In [25]:
import io, tarfile, math
from pathlib import Path
from typing import Any, Dict, Iterator

import numpy as np
import torch
import torch.nn as nn
import torch.nn.functional as F

from torch.utils.data import Dataset, DataLoader, Subset
from scipy import sparse
from torch_geometric.data import Data
from torch_geometric.nn import TransformerConv
from sklearn.metrics import average_precision_score

datafile = "/vol/bitbucket/mjh24/IAEA-thesis/data/swde_HTMLgraphsNEWFEATURES.tar"

In [26]:
class TarGraphDataset(Dataset):
    """
    Each graph is stored under its own sub-directory *inside* one .tar:

        graphs.tar
        ├── 0001/X.npz
        ├── 0001/E.npz
        ├── 0001/edge_index.npy
        ├── 0001/labels.npz
        ├── 0001/label_index.npy
        ├── 0001/label_value.npy
        ├── 0002/…
        └── …

    The tar is opened once; __getitem__ streams the six files for graph *idx*
    straight into memory, converts them to native PyTorch tensors and returns.
    """

    def __init__(self, tar_path: str | Path):
        self.tar = tarfile.open(tar_path, mode="r:*")      # gzip/none/…
        self.index: dict[str, dict[str, tarfile.TarInfo]] = {}
        self.sublen = {}

        # Build a small lookup table in RAM  {gid: {filename: tarinfo}}
        for member in self.tar.getmembers():
            if not member.isfile():
                continue

            p     = Path(member.name)
            gid   = str(p.parent)   # '0007'
            fname = p.name          # 'X.npz'

            # keep only folders that really are 4-digit graph IDs
            if gid[-4:].isdigit():
                self.index.setdefault(gid, {})[fname] = member

        self.gids = sorted(self.index)

        # Remove those with no labels
        for gid, files in self.index.items():
            if not files.get("labels.npz"):
                self.gids.remove(gid)

        # Count
        name, counts = np.unique([Path(gid).parent.name for gid in self.gids], return_counts=True)

        # Get cumsum
        running = 0
        for lbl, cnt in zip(name, counts):
            self.sublen[lbl] = (running, running + cnt)
            running += cnt

    # ------------- helpers --------------------------------------------------
    @staticmethod
    def _npz_to_csr(buf: bytes, dtype=torch.float32):
        csr = sparse.load_npz(io.BytesIO(buf)).tocsr()
        crow = torch.from_numpy(csr.indptr.astype(np.int64))
        col  = torch.from_numpy(csr.indices.astype(np.int64))
        val  = torch.from_numpy(csr.data).to(dtype)
        return torch.sparse_csr_tensor(
            crow, col, val, size=csr.shape, dtype=dtype, requires_grad=False
        )

    @staticmethod
    def _npy_to_tensor(buf: bytes, dtype):
        arr = np.load(io.BytesIO(buf), allow_pickle=False)
        return torch.from_numpy(arr).to(dtype)

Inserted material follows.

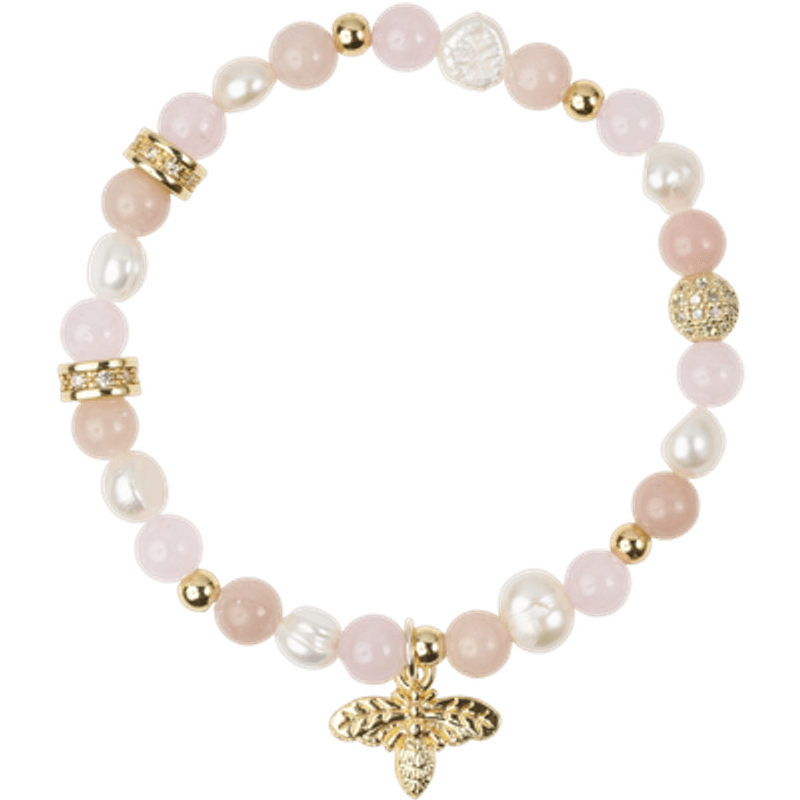 Armbånd med charms - Rose mix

    def get_sublen(self, name):
        return self.sublen[name]

    # ------------- Dataset API ---------------------------------------------
    def __len__(self):
        return len(self.gids)

    def __getitem__(self, idx):
        gid   = self.gids[idx]
        files = self.index[gid]

        get = lambda name: self.tar.extractfile(files[name]).read()
        
        fileinfo = gid

        X   = self._npz_to_csr(get("X.npz"),       dtype=torch.float32)
        Aef = self._npz_to_csr(get("E.npz"),       dtype=torch.float32)
        Lef = self._npz_to_csr(get("labels.npz"),  dtype=torch.float32)

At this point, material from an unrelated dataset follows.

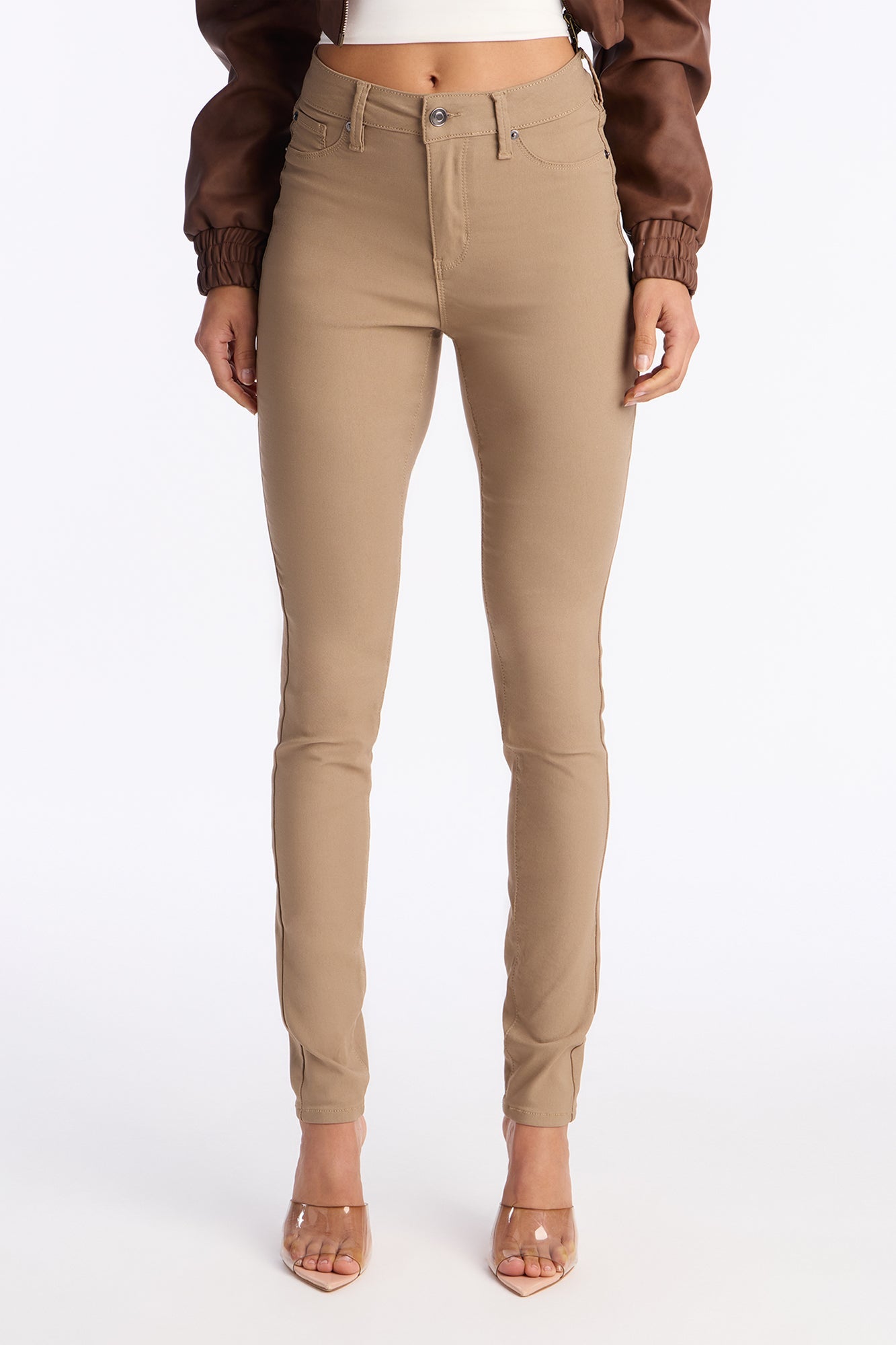 Pantalones Skinny Hyperstretch Altos - Beige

        Aei = self._npy_to_tensor(get("edge_index.npy"),  dtype=torch.int64)
        Lei = self._npy_to_tensor(get("label_index.npy"), dtype=torch.int64)
        y   = self._npy_to_tensor(get("label_value.npy"), dtype=torch.int64)

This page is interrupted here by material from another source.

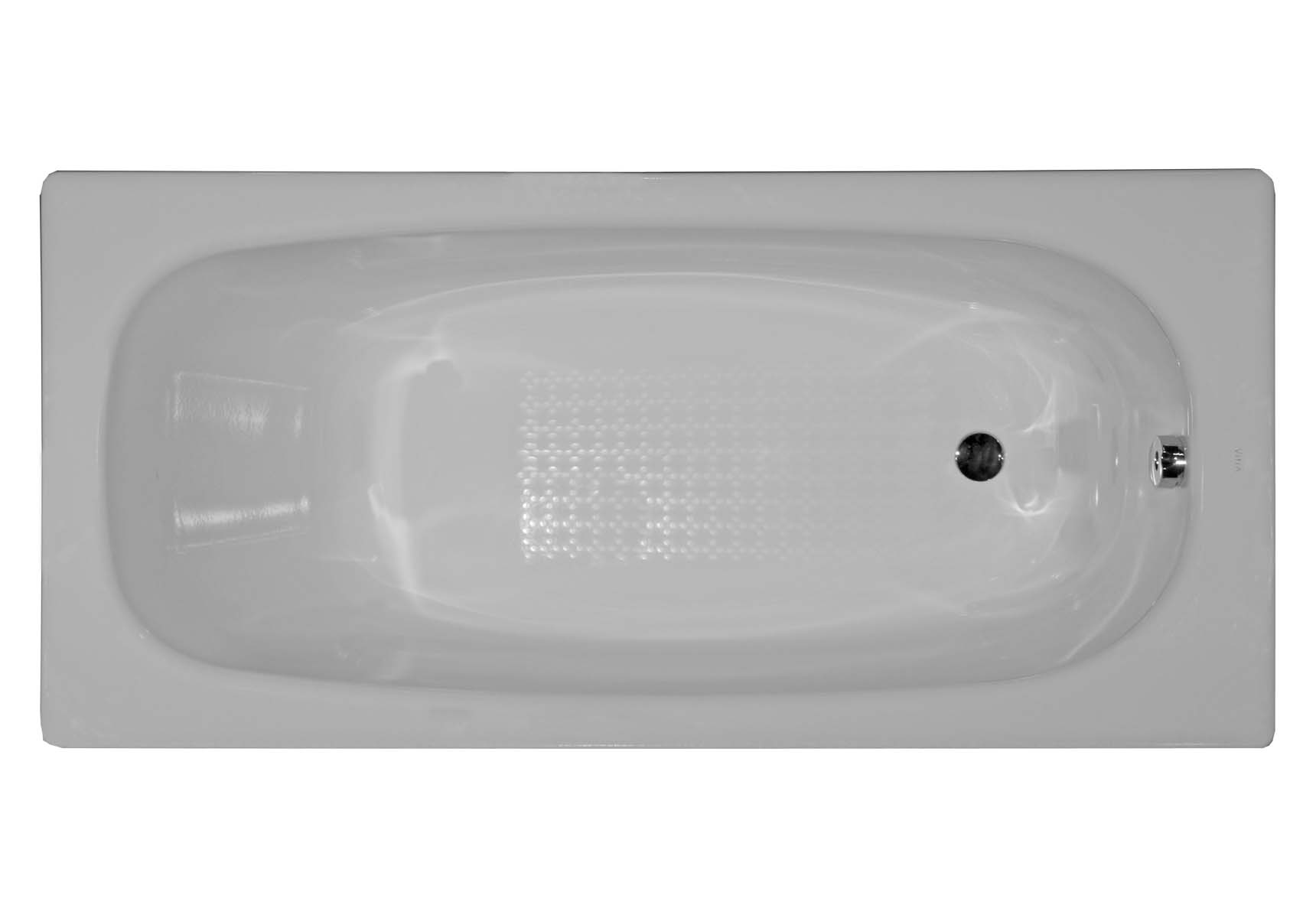 Generic 160x70 cm Steel Bathtub, 2.2 Mm, Normal Depth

        return fileinfo, X, Aei.t().contiguous(), Aef, Lei.t().contiguous(), Lef, y


def concat_csr(blocks):
    """
    Vertically stack CSR matrices that all share the same n_cols.
    Keeps sparsity and returns a single torch.sparse_csr_tensor.
    """
    crow_bufs, col_bufs, val_bufs = [], [], []
    nnz_so_far, n_rows, n_cols = 0, 0, blocks[0].size(1)

    for k, csr in enumerate(blocks):
        crow = csr.crow_indices().clone()          # (n_rows_k + 1,)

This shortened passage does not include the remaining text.